## [What you have to do]
Give the listing again word for word. Skip the pictures.

## [Given data]
---
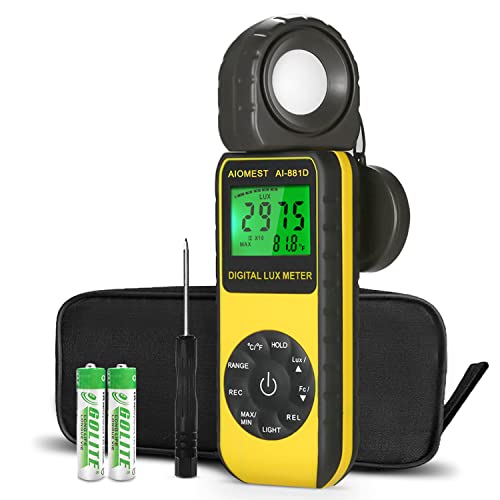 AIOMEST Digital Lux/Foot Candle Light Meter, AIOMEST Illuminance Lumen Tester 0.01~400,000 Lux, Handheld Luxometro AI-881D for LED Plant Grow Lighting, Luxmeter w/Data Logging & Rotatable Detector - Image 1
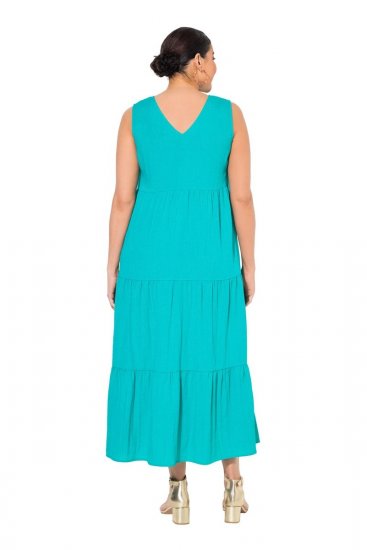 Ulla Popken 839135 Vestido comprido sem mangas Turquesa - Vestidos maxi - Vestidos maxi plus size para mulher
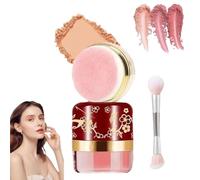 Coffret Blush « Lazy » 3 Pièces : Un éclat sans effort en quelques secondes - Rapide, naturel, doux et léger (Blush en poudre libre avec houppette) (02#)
---
## [Problem solution]
 AIOMEST Digital Lux/Foot Candle Light Meter, AIOMEST Illuminance Lumen Tester 0.01~400,000 Lux, Handheld Luxometro AI-881D for LED Plant Grow Lighting, Luxmeter w/Data Logging & Rotatable Detector - Image 1
 Ulla Popken 839135 Vestido comprido sem mangas Turquesa - Vestidos maxi - Vestidos maxi plus size para mulher
 Coffret Blush « Lazy » 3 Pièces : Un éclat sans effort en quelques secondes - Rapide, naturel, doux et léger (Blush en poudre libre avec houppette) (02#)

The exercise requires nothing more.